### Exercise aim
To complete the exercise, repeat every record exactly as it stands.

### Items from a dataset
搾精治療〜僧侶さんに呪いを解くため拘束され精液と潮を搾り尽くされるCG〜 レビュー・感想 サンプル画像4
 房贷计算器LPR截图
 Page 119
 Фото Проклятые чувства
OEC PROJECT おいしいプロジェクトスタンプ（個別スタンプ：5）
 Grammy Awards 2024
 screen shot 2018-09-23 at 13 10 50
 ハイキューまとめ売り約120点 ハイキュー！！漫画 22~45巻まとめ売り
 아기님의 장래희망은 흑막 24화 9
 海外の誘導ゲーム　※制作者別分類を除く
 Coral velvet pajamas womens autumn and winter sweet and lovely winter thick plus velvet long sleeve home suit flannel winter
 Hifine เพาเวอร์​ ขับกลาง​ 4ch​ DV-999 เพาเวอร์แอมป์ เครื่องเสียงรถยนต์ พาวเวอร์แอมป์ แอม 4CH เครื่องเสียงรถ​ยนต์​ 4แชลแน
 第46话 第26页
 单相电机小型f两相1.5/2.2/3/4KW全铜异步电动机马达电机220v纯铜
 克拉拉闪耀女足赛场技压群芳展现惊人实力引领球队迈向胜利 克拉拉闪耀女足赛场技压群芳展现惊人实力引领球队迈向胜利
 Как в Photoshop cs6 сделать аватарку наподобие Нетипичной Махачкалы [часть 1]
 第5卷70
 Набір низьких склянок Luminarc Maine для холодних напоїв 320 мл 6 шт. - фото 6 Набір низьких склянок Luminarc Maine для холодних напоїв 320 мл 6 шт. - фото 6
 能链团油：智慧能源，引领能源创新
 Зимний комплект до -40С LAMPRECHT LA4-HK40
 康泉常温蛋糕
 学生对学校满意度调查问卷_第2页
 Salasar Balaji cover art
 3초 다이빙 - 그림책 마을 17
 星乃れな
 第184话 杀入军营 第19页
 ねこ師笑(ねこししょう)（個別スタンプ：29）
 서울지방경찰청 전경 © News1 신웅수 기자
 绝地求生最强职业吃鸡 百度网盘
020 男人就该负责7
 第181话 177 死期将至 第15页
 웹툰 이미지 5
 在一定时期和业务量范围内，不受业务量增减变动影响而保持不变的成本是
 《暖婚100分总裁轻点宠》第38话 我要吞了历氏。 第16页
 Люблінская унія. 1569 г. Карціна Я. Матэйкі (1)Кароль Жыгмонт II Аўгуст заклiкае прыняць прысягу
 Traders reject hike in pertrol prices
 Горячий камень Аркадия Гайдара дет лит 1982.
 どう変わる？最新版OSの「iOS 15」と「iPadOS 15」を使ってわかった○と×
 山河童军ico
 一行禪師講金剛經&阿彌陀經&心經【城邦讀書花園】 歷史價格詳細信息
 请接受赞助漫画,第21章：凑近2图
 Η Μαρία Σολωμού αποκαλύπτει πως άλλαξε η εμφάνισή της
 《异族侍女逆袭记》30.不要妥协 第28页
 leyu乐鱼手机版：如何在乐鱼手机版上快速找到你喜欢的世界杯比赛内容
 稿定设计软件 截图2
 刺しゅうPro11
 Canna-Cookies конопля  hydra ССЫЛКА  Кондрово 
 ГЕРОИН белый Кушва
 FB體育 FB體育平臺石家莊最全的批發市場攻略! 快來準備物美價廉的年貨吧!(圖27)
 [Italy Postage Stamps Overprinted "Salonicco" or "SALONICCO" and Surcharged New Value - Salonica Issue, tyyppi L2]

### Result of the exercise
搾精治療〜僧侶さんに呪いを解くため拘束され精液と潮を搾り尽くされるCG〜 レビュー・感想 サンプル画像4
 房贷计算器LPR截图
 Page 119
 Фото Проклятые чувства
OEC PROJECT おいしいプロジェクトスタンプ（個別スタンプ：5）
 Grammy Awards 2024
 screen shot 2018-09-23 at 13 10 50
 ハイキューまとめ売り約120点 ハイキュー！！漫画 22~45巻まとめ売り
 아기님의 장래희망은 흑막 24화 9
 海外の誘導ゲーム　※制作者別分類を除く
 Coral velvet pajamas womens autumn and winter sweet and lovely winter thick plus velvet long sleeve home suit flannel winter
 Hifine เพาเวอร์​ ขับกลาง​ 4ch​ DV-999 เพาเวอร์แอมป์ เครื่องเสียงรถยนต์ พาวเวอร์แอมป์ แอม 4CH เครื่องเสียงรถ​ยนต์​ 4แชลแน
 第46话 第26页
 单相电机小型f两相1.5/2.2/3/4KW全铜异步电动机马达电机220v纯铜
 克拉拉闪耀女足赛场技压群芳展现惊人实力引领球队迈向胜利 克拉拉闪耀女足赛场技压群芳展现惊人实力引领球队迈向胜利
 Как в Photoshop cs6 сделать аватарку наподобие Нетипичной Махачкалы [часть 1]
 第5卷70
 Набір низьких склянок Luminarc Maine для холодних напоїв 320 мл 6 шт. - фото 6 Набір низьких склянок Luminarc Maine для холодних напоїв 320 мл 6 шт. - фото 6
 能链团油：智慧能源，引领能源创新
 Зимний комплект до -40С LAMPRECHT LA4-HK40
 康泉常温蛋糕
 学生对学校满意度调查问卷_第2页
 Salasar Balaji cover art
 3초 다이빙 - 그림책 마을 17
 星乃れな
 第184话 杀入军营 第19页
 ねこ師笑(ねこししょう)（個別スタンプ：29）
 서울지방경찰청 전경 © News1 신웅수 기자
 绝地求生最强职业吃鸡 百度网盘
020 男人就该负责7
 第181话 177 死期将至 第15页
 웹툰 이미지 5
 在一定时期和业务量范围内，不受业务量增减变动影响而保持不变的成本是
 《暖婚100分总裁轻点宠》第38话 我要吞了历氏。 第16页
 Люблінская унія. 1569 г. Карціна Я. Матэйкі (1)Кароль Жыгмонт II Аўгуст заклiкае прыняць прысягу
 Traders reject hike in pertrol prices
 Горячий камень Аркадия Гайдара дет лит 1982.
 どう変わる？最新版OSの「iOS 15」と「iPadOS 15」を使ってわかった○と×
 山河童军ico
 一行禪師講金剛經&阿彌陀經&心經【城邦讀書花園】 歷史價格詳細信息
 请接受赞助漫画,第21章：凑近2图
 Η Μαρία Σολωμού αποκαλύπτει πως άλλαξε η εμφάνισή της
 《异族侍女逆袭记》30.不要妥协 第28页
 leyu乐鱼手机版：如何在乐鱼手机版上快速找到你喜欢的世界杯比赛内容
 稿定设计软件 截图2
 刺しゅうPro11
 Canna-Cookies конопля  hydra ССЫЛКА  Кондрово 
 ГЕРОИН белый Кушва
 FB體育 FB體育平臺石家莊最全的批發市場攻略! 快來準備物美價廉的年貨吧!(圖27)
 [Italy Postage Stamps Overprinted "Salonicco" or "SALONICCO" and Surcharged New Value - Salonica Issue, tyyppi L2]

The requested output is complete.